“プラットフォーム化”を進めるユニバーサルロボット、仲間集めを着々と進行:2019国際ロボット展
ユニバーサルロボットは「2019国際ロボット展(iREX2019)」(2019年12月18〜21日、東京ビッグサイト)において、同社が展開する協働ロボットを活用した製造、物流現場でのソリューション提案を推進。新たに日本におけるパートナーとしてSMCとCKDとユニバーサルロボット向けのロボットハンドを披露した。
デンマークのUniversal Robots(ユニバーサルロボット、以下UR)は「2019国際ロボット展(iREX2019)」(2019年12月18〜21日、東京ビッグサイト)において、同社が展開する協働ロボットを活用した製造、物流現場でのソリューション提案を推進。新たに日本におけるパートナーとしてSMCとCKDとユニバーサルロボット向けのロボットハンドを披露した。

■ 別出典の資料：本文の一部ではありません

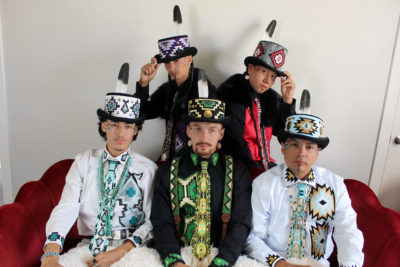 Five Indigenous models wearing outfits designed by Codijo Chebon Yazzie.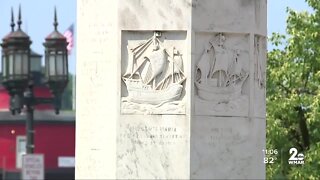 Group celebrates with dance and celebration around remaining Christopher Columbus pedestal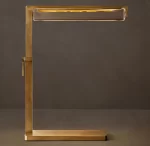 Elegant gold desk lamp with modern design for task lighting.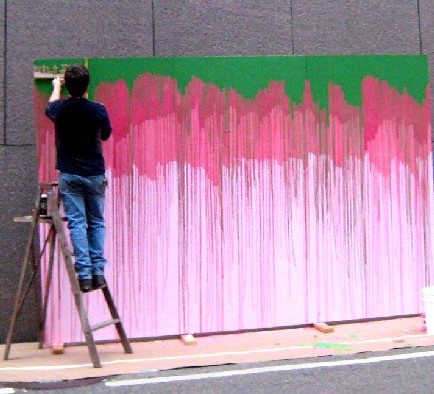 Artist spray painting his canvases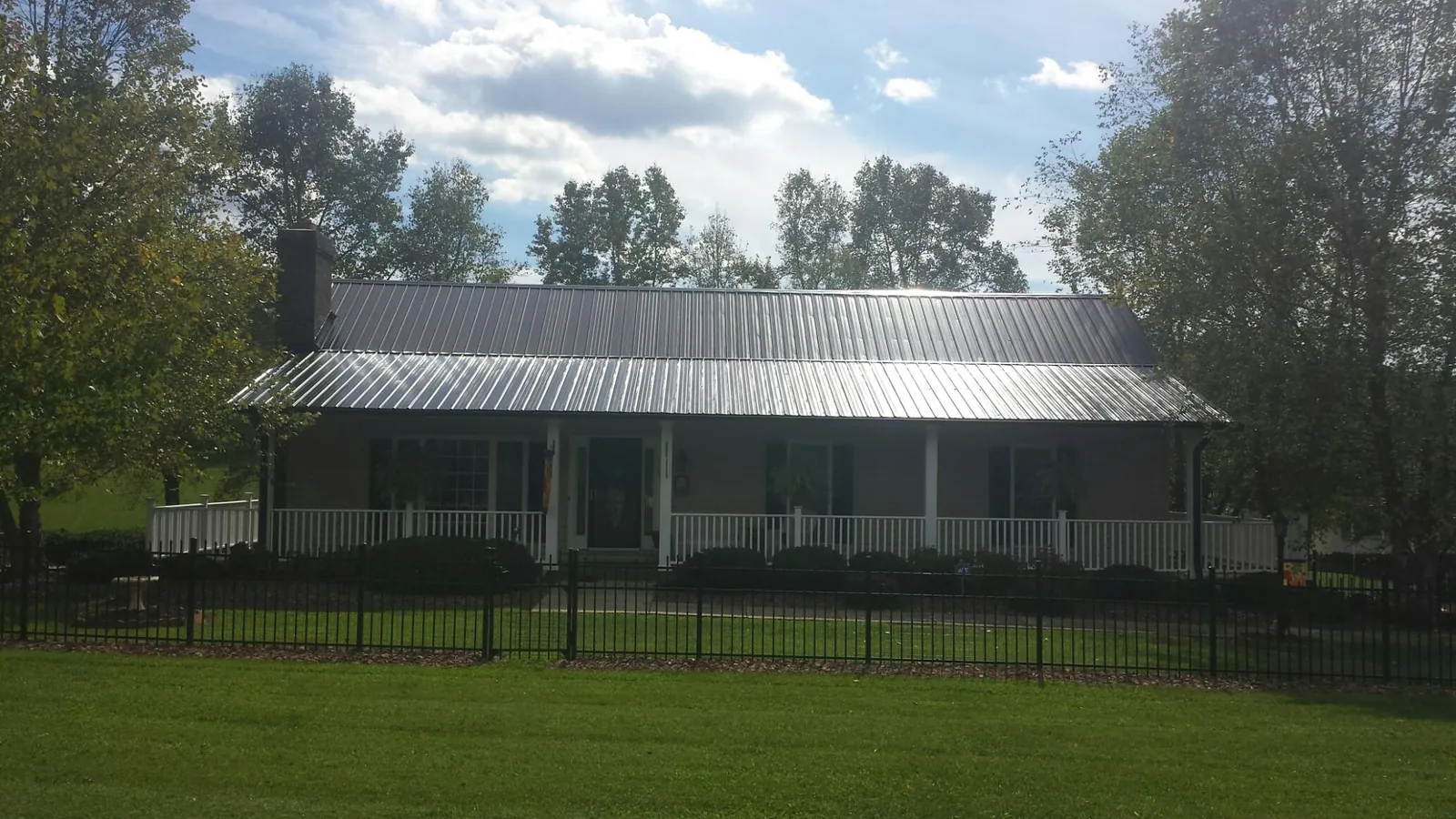 Gray metal roof on a brick ranch with a full width front porch — Gutter Guard Installation work by our crew in Eutaw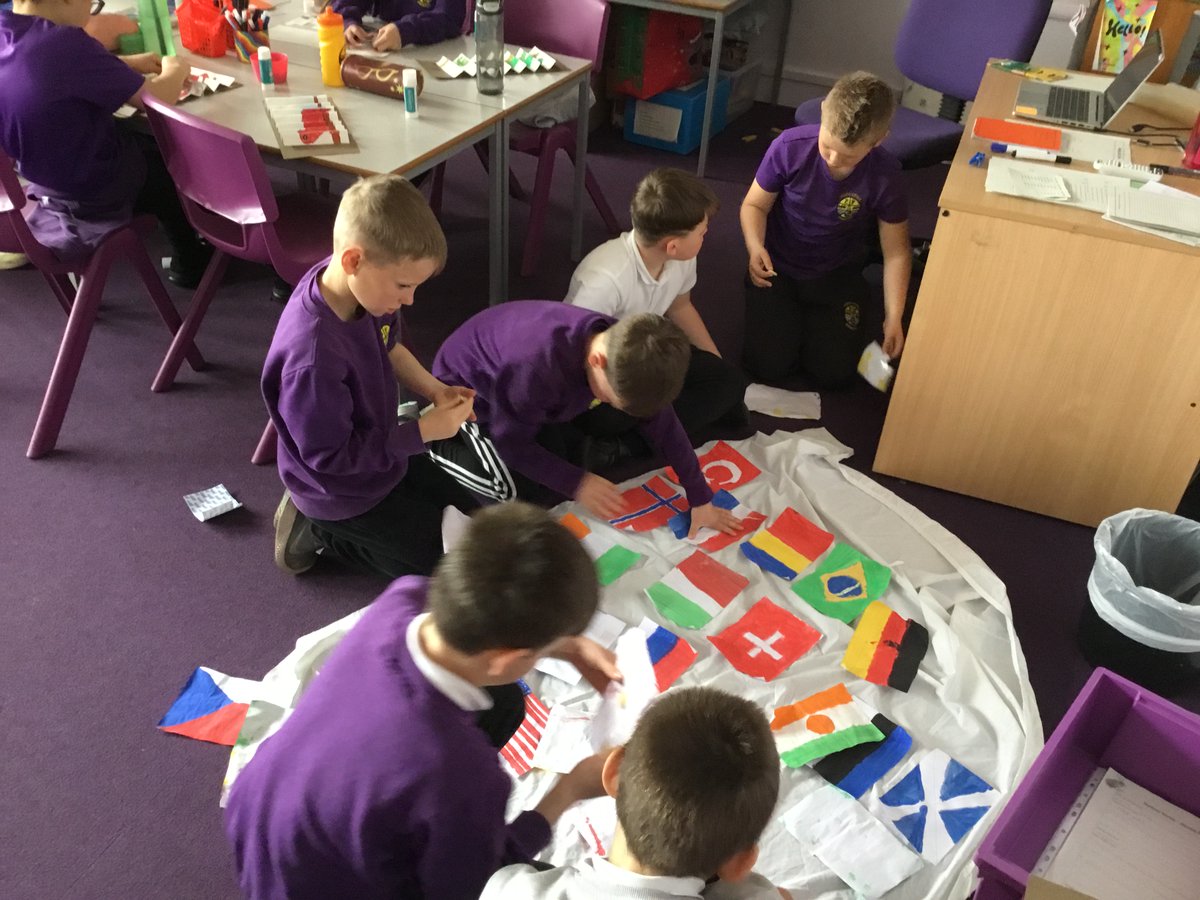 Portyschool's tweet photo. P4/5 preparing for the STEM fashion show this week. We worked as a class to design and create an outfit using recycled materials. Our outfit had to demonstrate Article 7 of the UNCRC. #STEMeducation #STEMweek2023 https://t.co/UczaiE393f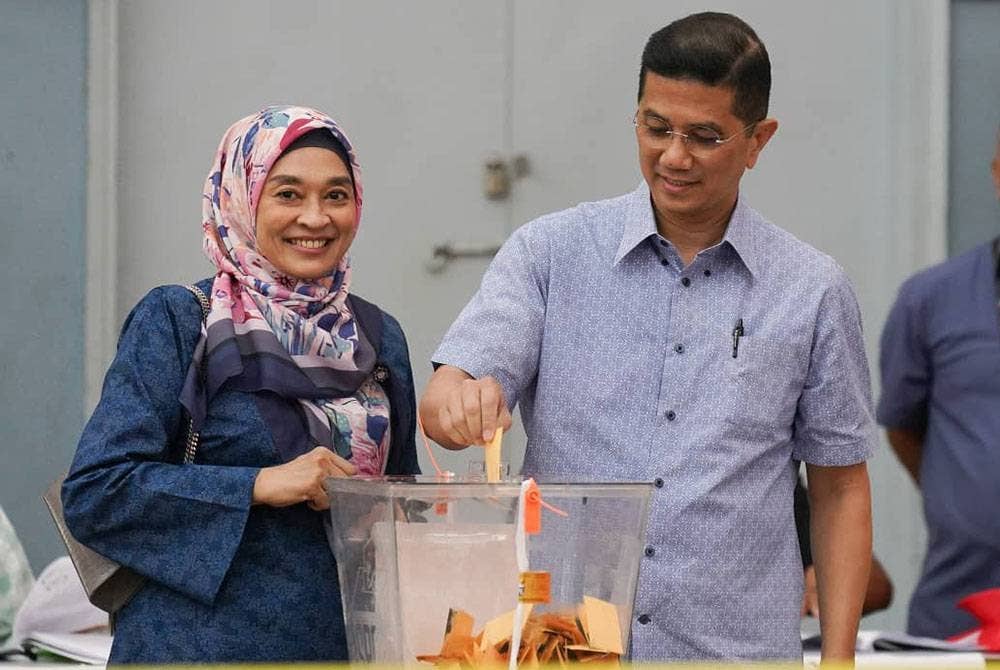 Mohamed Azmin bersama isteri, Datin Seri Shamsidar Taharin membuang undi di Sekolah Kebangsaan Klang Gate pada Sabtu.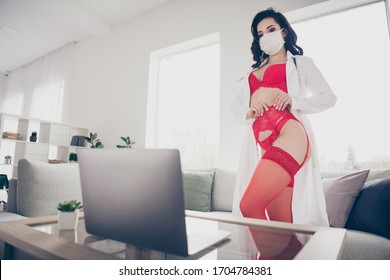 Photo Of Tempting Slim Hot Seductive Lady Work Home Online Chat Talk Rich Client Undressing Show Hot Body Play Seduce Nurse Role Take Off Lab Coat Look Notebook Wear Red Bikini Flu Mask Room Indoors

重い缶詰6個を同時に持ち上げて計測してから箱に戻す作業など、製造や物流の現場で実際に起こり得る場面を具体的に示し、協働ロボットによる作業負荷軽減の価値などを訴えた(クリックで拡大)
協働ロボット専業メーカーのURだが、ここ最近は協働ロボット単体での提案ではなく、課題を解決するソリューションとしての提案や、これらを実現するアプリケーションとしての提案を強化している。その土台として強化しているのが「Universal Robot +(以下、UR+)」である(※)。
(※)関連記事:協働ロボット市場は第2フェーズに、URの“次の一手”とは
「UR+」は、関連製品やツールをURの協働ロボットと組み合わせてプラグ&プレイで使用できるプログラムである。ユニバーサルロボットのロボットアームの仕様やインタフェースをオープンにし、それらに準拠するエンドエフェクター(ハンド)やカメラ、センサーなどの周辺機器をパートナーが開発する。ユニバーサルロボットが開発されたものを検証、認証し「UR+」製品としてグローバルで販売するという仕組みだ。基本的には「UR+」製品は、URロボットのティーチングペンダントを通して設定できるため、ユーザーやシステムインテグレーターがシステム構築などにかかる費用やコストを削減できるという利点がある。
現在この「UR+」にはグローバルで400社以上が参加しているが、国内でもこの「UR+」への参加企業拡大を進めている。2019年8月にはキヤノン、同年11月にはシナノケンシが参加を表明したが、iREX2019では新たに日本企業からはSMCとCKDがURブース内に出展し、UR+対応のロボットハンドを披露した。
SMC製のハンドを取り付けたURの協働ロボット(クリックで拡大)
SMCは現在「UR+」に対応する開発を進めているところで発売時期などについては「未定」(説明員)としている。一方でCKDは3爪ロボットハンド1機種と、2爪ロボットハンド2機種を用意し2020年2月に発売する。CKDは空気圧機器や流体制御機器を展開しているが、ロボットハンドも圧縮空気で駆動する。ハンドの重さは1.0〜1.1kgで、最高使用圧力は0.7MPaだという。